Mais je m’égare je veux parler de ce que j’ai développé au cours de ma journée de formation.
Présupposés
Je ne leur ai pas parlé de ces pré-supposés sociaux, je savais qu’ils les connaissaient, tout le monde les connaît. Ils font partie de la culture dominante. Je leur ai d’abord parlé des mes pré-supposés sur la participation. Les voici :
La participation réelle de quelqu’un à quoi que ce soit nécessite un envie de sa part, du désir.
La participation sera proportionnelle à cette envie
Si on veut que les personnes « participent », c’est du coté de leur désir qu’il faut aller.
Il y a eu un moment de surprise. Parler de désir des pauvres, ce n’est pas dans leur champ d’intervention. Les agents du social traitent les besoins sociaux. Le désir est subjectif, le besoin lui est objectif.
Je ne leur ai pas dit que pour moi, ce n’était pas aussi simple. Je craignais des discussions longues : L’approche par le besoin est toujours très ambiguë. Qu’est ce qu’un besoin social ? Du besoin de qui parle-t-on ? celui du financeur de l’action sociale, celui du professionnel, celui de la personne concernée, celui de la société, ... ? Qui détermine le besoin ? et là dessus il fallait au moins une journée.

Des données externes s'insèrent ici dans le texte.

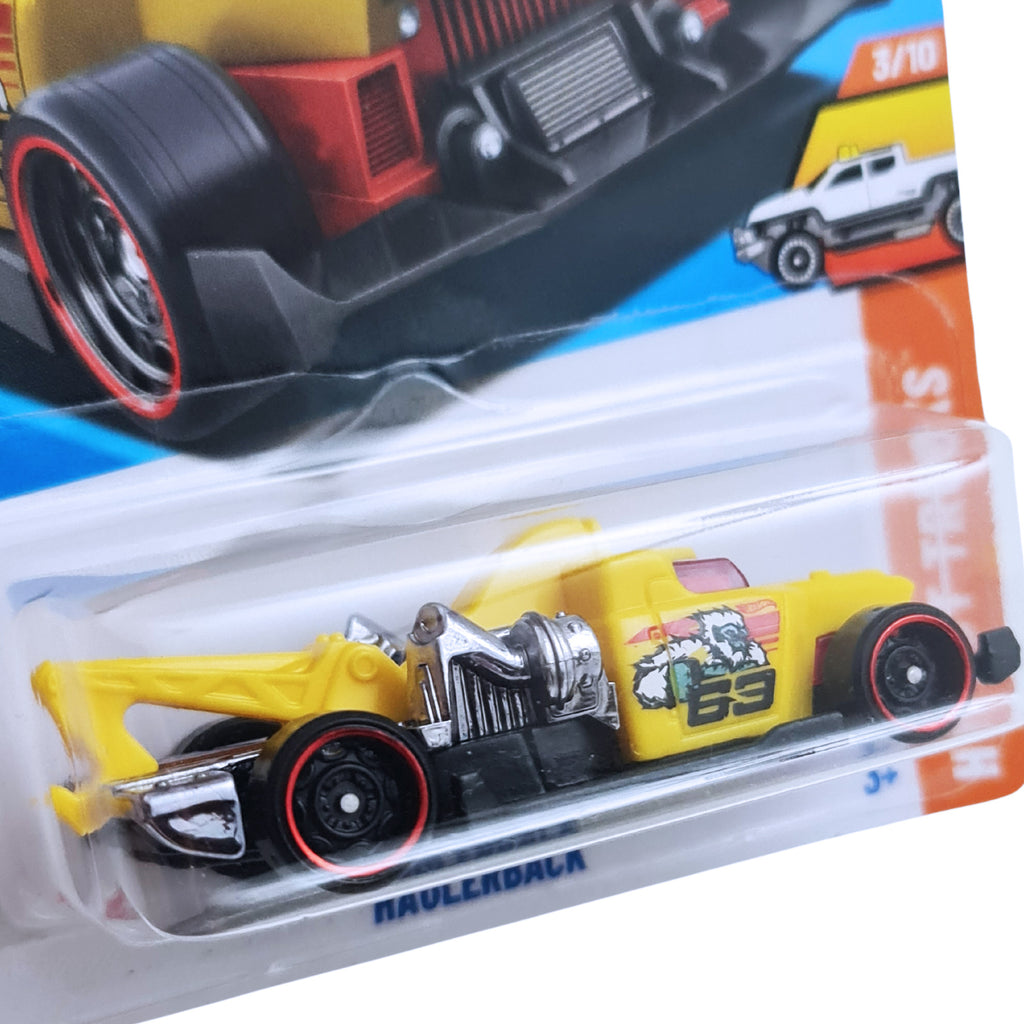 Hot Wheels HW HOT TRUCKS - Haulerback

Je ne leur ai pas dit non plus que pour moi, le concept de besoins sociaux objectifs me paraît particulièrement discutable. J’aurais même tendance à penser que ces besoins sociaux objectifs sont souvent avancés pour masquer les rapports sociaux objectifs et justifier le travail social.
Je n’avais qu’une journée, et la question qui les intéressait était : « comment faire participer les usagers ». C’était ça qu’ils venaient chercher. Ils n’avaient pas le temps de réfléchir sur le sens de leur travail. Ils disposaient seulement d’un jour. Ils voulaient de l’opérationnalité. C’est sur cela qu’ils seraient jugés.

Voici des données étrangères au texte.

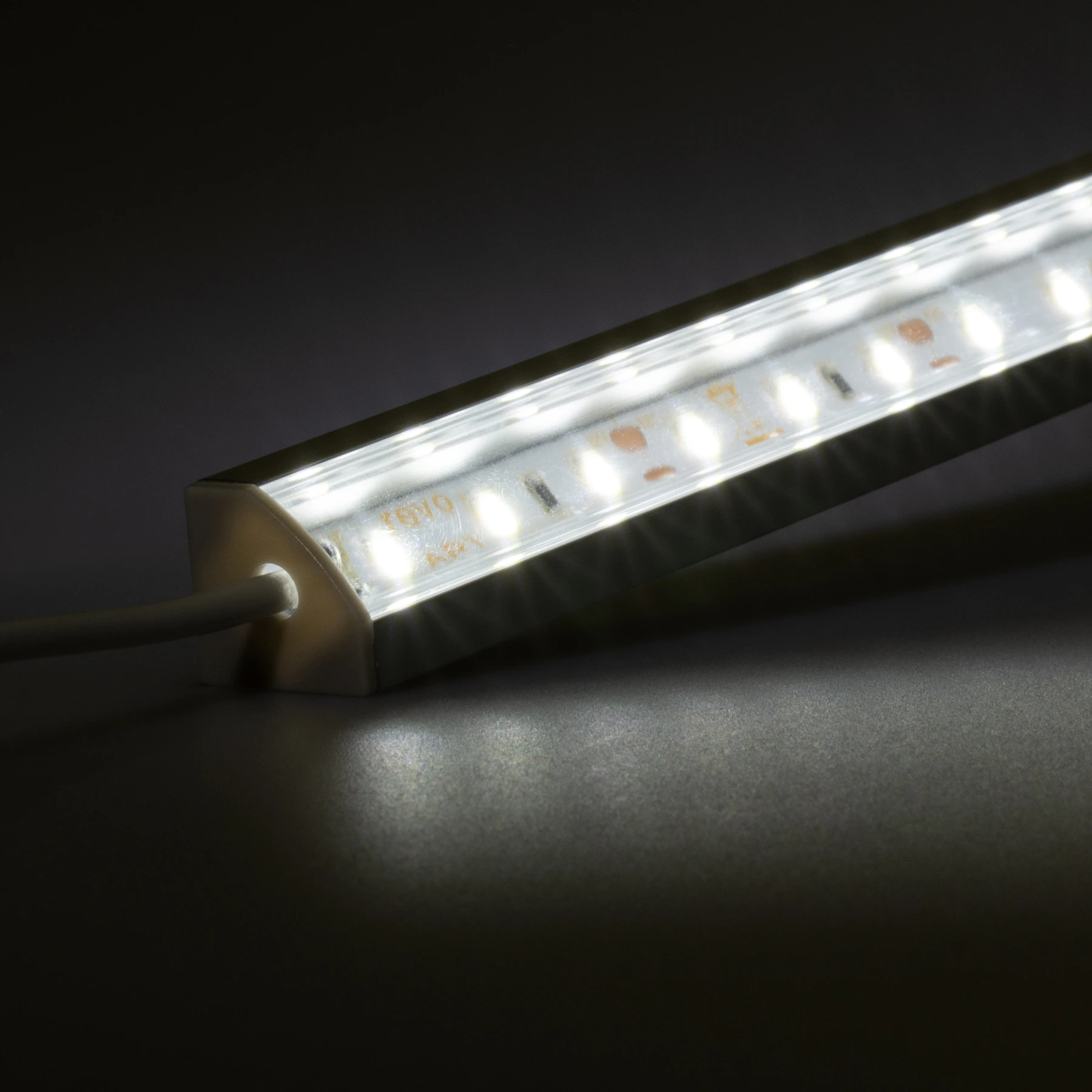 24V LED-Eckleiste mit klarer Abdeckung -  weiß 6000K - kein Anschlußkabel zum Netzteil - 28cm mit 35 SMD LEDs - 5 Watt 360 Lumen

Alors, je leur ai raconté une histoire. Une histoire qui a duré 5 ans avec des gens, en majorité pauvres, mais pas uniquement.
Si le désir est opérationnel pour mobiliser, (Je me mobilise parce que j’ai envie de….. ), le besoin social n’est pas opérationnel pour mobiliser.
Les hommes ne se mobilisent pas sur un « besoin social », si non il y a belle lurette que plus personne ne mourrait de faim dans le monde (le besoin de manger étant un besoin social premier, objectif, reconnu à l’échelle de l’humanité).
Bien sur, le désir est lié à un besoin non satisfait. Il naît de l’espoir de voir se modifier une situation insatisfaisante en une situation nouvelle, plus satisfaisante.
Le fait que les personnes se mobilisent est le signe que nous sommes en train de répondre à un de leur besoin. Le fait qu’ils ne se mobilisent pas est peut être le signe que le besoin social avancé est le besoin de quelqu’un d’autre qu’eux mêmes.
Mais pas obligatoirement, car deux conditions sont nécessaires pour qu’une personne ou un groupe social se mobilisent.
Ils doivent percevoir sa situation comme insatisfaisante pour eux et
être capable de se représenter une autre situation plus intéressante pour eux. Ils doivent disposer d’une utopie créatrice .
C’est cette utopie qui leur permet d’aller de l’avant, de se pro-jeter (jette au devant)
Cette utopie leur donne l’énergie nécessaire à l‘action.
Cette approche théorique, permet de situer le « projet » différemment.
Le projet n’est plus du domaine de l ’avoir « avoir un projet », le projet n’est plus un produit , l’objet d’une commande extérieure, « écrivez moi votre projet » le projet n’est plus une tâche à accomplir. "mettre en œuvre le projet".
le projet, c’est du sens qu’on se donne . Le mot sens étant défini à la fois comme direction et à la fois comme attitude sensée (ça fait sens pour la personne ou le groupe social). Le projet est existentiel.
Cette approche par le désir au lieu du besoin permet à la fois de donner aux participants
un véritable outil pour mobiliser les usagers sur « leurs » envies et le sens qu’ils entendent donner à leur vie.
et faire réfléchir à tout un discours qui derrière le brouillard des mots « participation » « projet » « responsabilité » « autonomie » recouvre une recherche de conditionnement des populations les plus fragiles.